Task to complete :: Could the entries below be reproduced exactly, with the images removed?

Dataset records
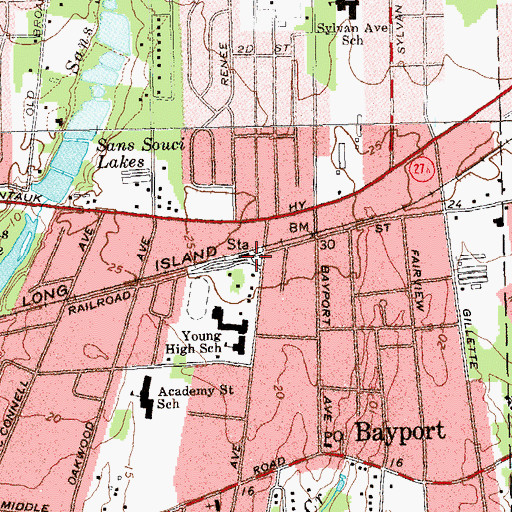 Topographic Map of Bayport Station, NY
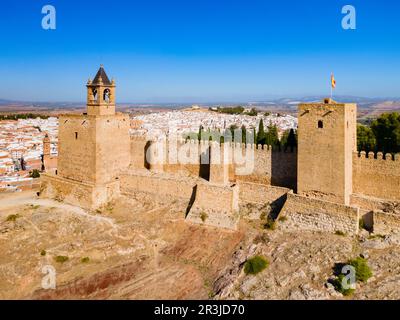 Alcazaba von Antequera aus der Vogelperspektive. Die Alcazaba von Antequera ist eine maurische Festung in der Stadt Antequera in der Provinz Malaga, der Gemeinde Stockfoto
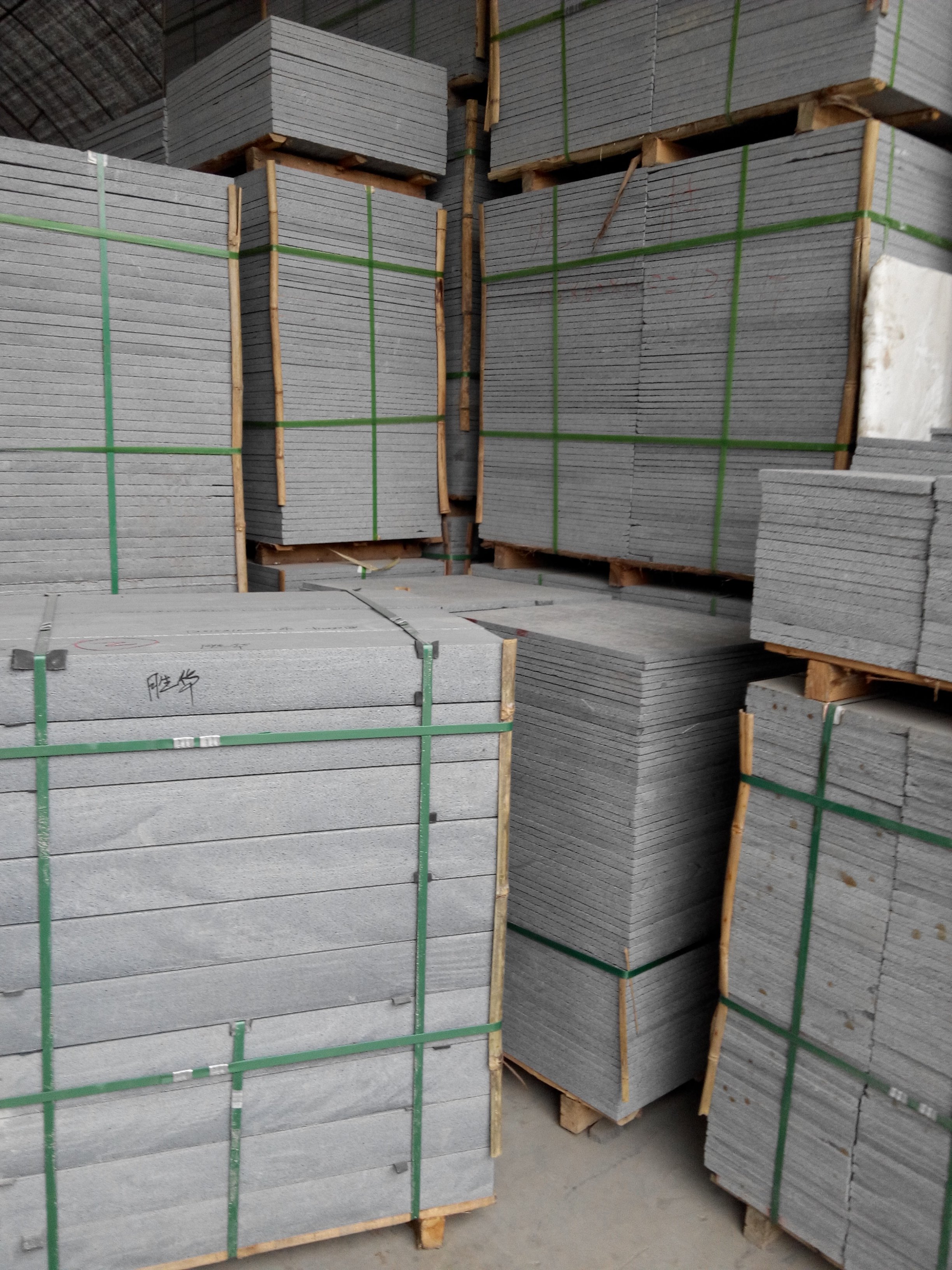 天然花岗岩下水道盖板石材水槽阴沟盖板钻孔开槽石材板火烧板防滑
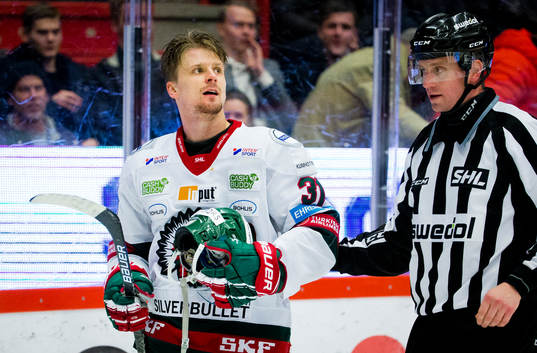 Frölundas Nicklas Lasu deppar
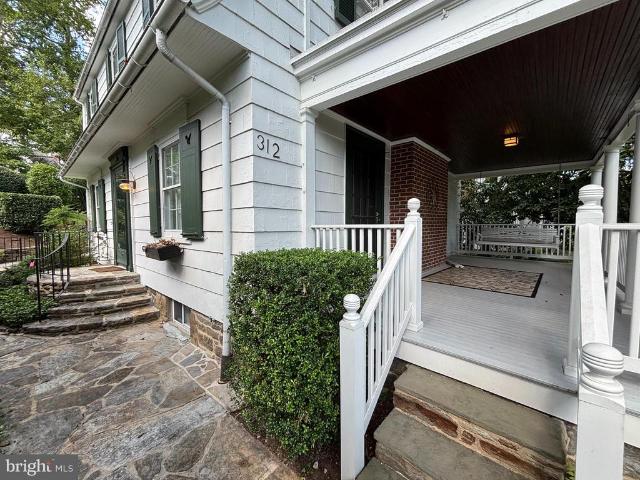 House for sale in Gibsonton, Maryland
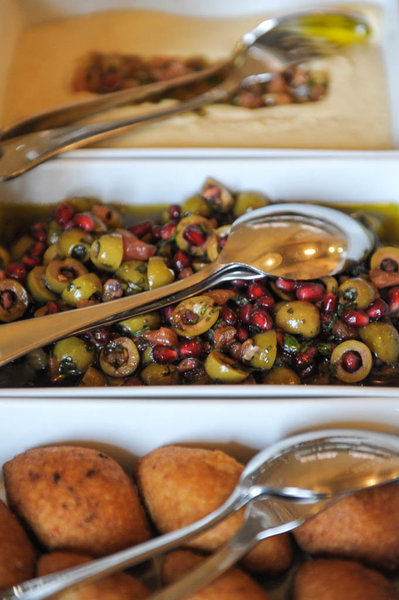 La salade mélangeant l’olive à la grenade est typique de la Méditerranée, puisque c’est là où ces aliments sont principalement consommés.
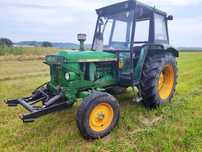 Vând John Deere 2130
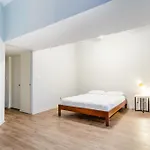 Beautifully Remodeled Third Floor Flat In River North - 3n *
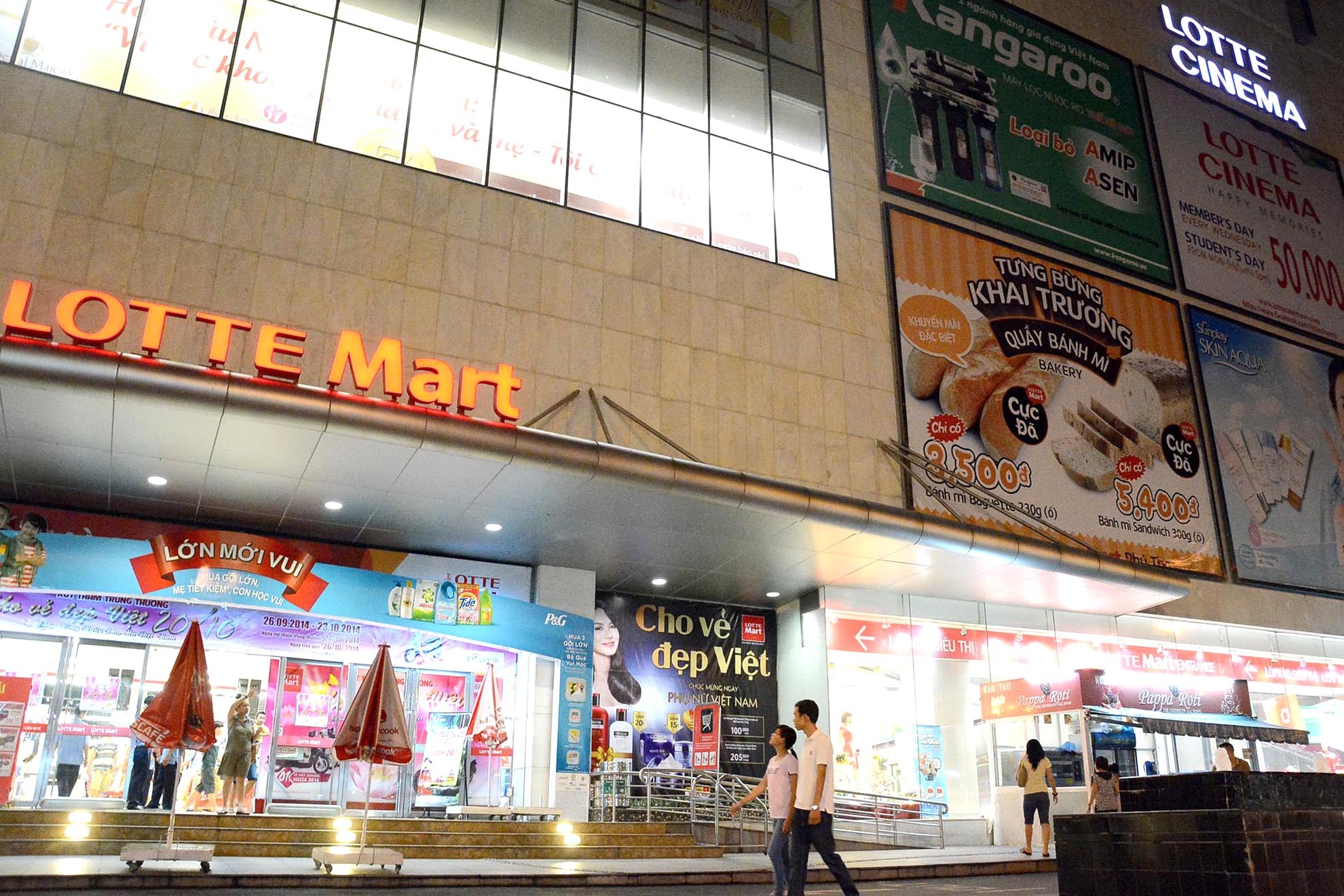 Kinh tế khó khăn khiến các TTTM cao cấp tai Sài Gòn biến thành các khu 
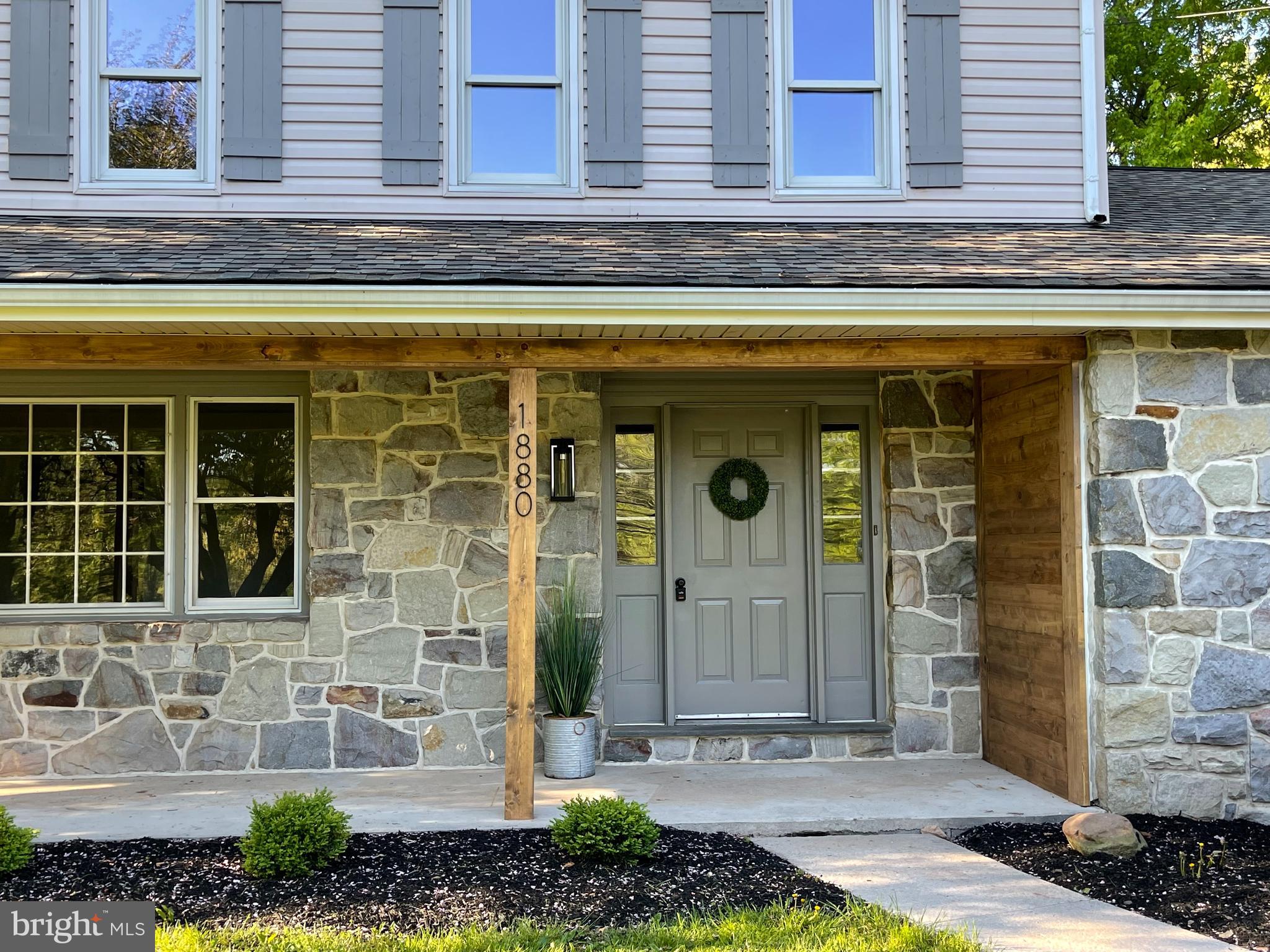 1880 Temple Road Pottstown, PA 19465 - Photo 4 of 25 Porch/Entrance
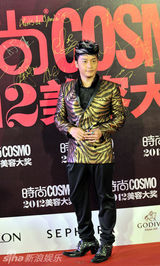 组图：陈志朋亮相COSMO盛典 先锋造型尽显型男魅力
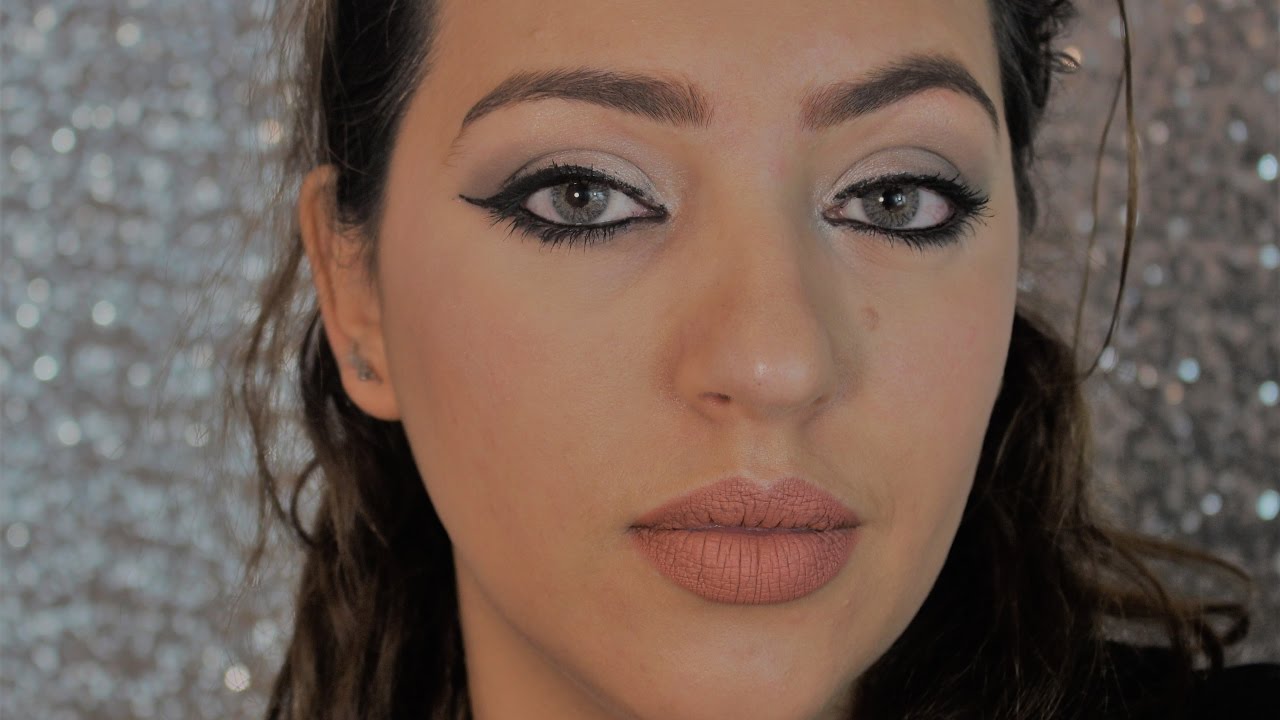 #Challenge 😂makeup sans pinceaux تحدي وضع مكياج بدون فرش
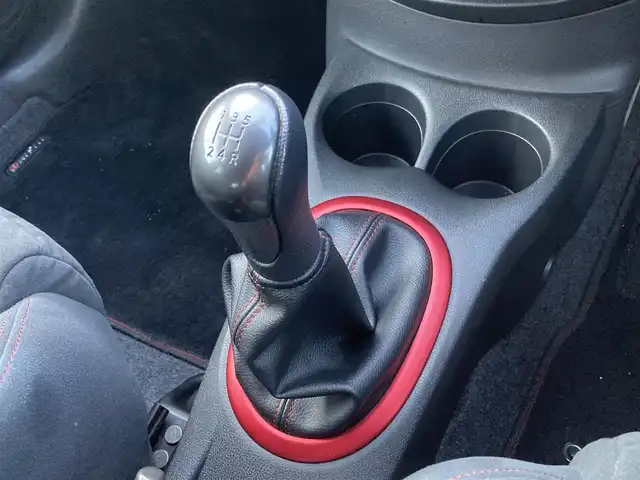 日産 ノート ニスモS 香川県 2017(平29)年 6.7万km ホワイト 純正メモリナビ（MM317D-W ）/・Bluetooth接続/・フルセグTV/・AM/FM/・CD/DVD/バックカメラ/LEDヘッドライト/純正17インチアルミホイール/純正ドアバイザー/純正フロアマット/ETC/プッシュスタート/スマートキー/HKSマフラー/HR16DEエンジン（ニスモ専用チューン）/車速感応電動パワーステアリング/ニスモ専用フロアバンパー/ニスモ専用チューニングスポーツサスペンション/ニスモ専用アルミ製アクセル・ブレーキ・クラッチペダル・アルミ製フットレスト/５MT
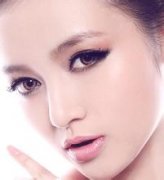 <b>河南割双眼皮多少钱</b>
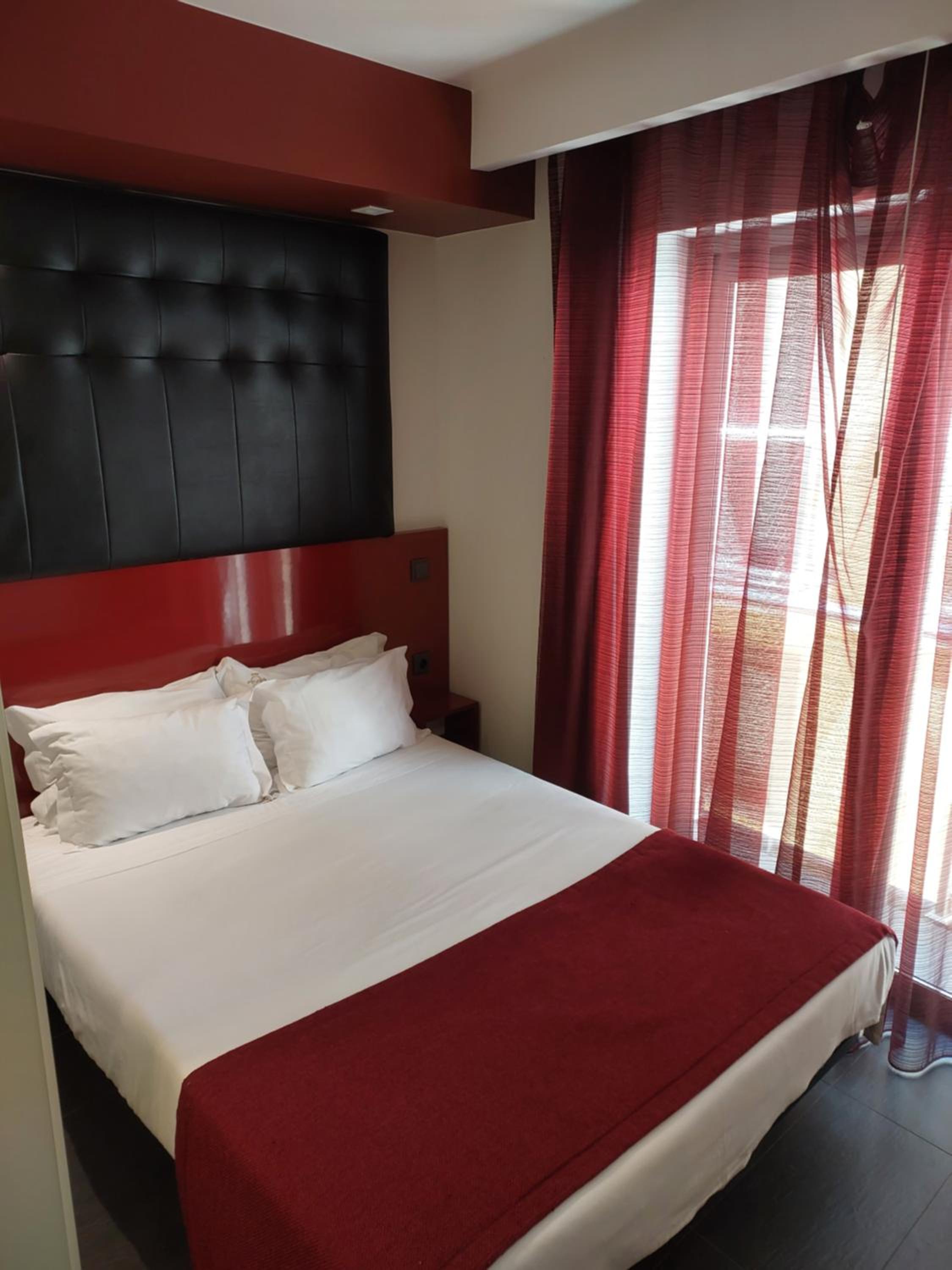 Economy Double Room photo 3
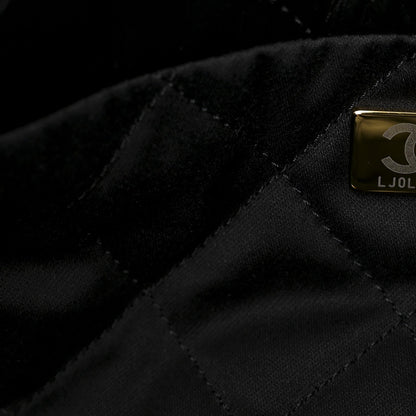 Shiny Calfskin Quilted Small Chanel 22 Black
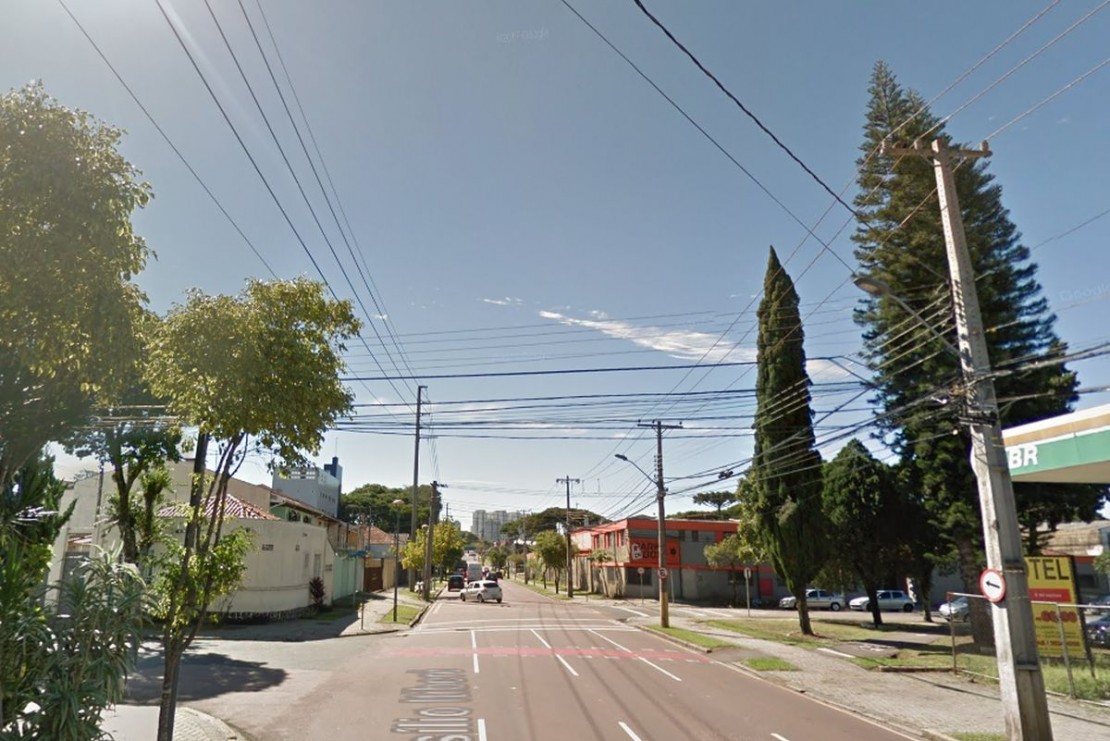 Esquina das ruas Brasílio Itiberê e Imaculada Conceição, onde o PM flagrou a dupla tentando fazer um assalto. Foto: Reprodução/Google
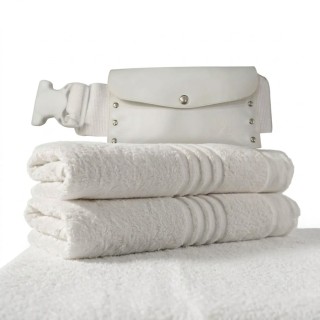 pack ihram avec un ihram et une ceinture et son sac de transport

Solution for this exercise ::
 Topographic Map of Bayport Station, NY
 Alcazaba von Antequera aus der Vogelperspektive. Die Alcazaba von Antequera ist eine maurische Festung in der Stadt Antequera in der Provinz Malaga, der Gemeinde Stockfoto
 天然花岗岩下水道盖板石材水槽阴沟盖板钻孔开槽石材板火烧板防滑
 Frölundas Nicklas Lasu deppar
 House for sale in Gibsonton, Maryland
 La salade mélangeant l’olive à la grenade est typique de la Méditerranée, puisque c’est là où ces aliments sont principalement consommés.
 Vând John Deere 2130
 Beautifully Remodeled Third Floor Flat In River North - 3n *
 Kinh tế khó khăn khiến các TTTM cao cấp tai Sài Gòn biến thành các khu 
 1880 Temple Road Pottstown, PA 19465 - Photo 4 of 25 Porch/Entrance
 组图：陈志朋亮相COSMO盛典 先锋造型尽显型男魅力
 #Challenge 😂makeup sans pinceaux تحدي وضع مكياج بدون فرش
 日産 ノート ニスモS 香川県 2017(平29)年 6.7万km ホワイト 純正メモリナビ（MM317D-W ）/・Bluetooth接続/・フルセグTV/・AM/FM/・CD/DVD/バックカメラ/LEDヘッドライト/純正17インチアルミホイール/純正ドアバイザー/純正フロアマット/ETC/プッシュスタート/スマートキー/HKSマフラー/HR16DEエンジン（ニスモ専用チューン）/車速感応電動パワーステアリング/ニスモ専用フロアバンパー/ニスモ専用チューニングスポーツサスペンション/ニスモ専用アルミ製アクセル・ブレーキ・クラッチペダル・アルミ製フットレスト/５MT
 <b>河南割双眼皮多少钱</b>
 Economy Double Room photo 3
 Shiny Calfskin Quilted Small Chanel 22 Black
 Esquina das ruas Brasílio Itiberê e Imaculada Conceição, onde o PM flagrou a dupla tentando fazer um assalto. Foto: Reprodução/Google
 pack ihram avec un ihram et une ceinture et son sac de transport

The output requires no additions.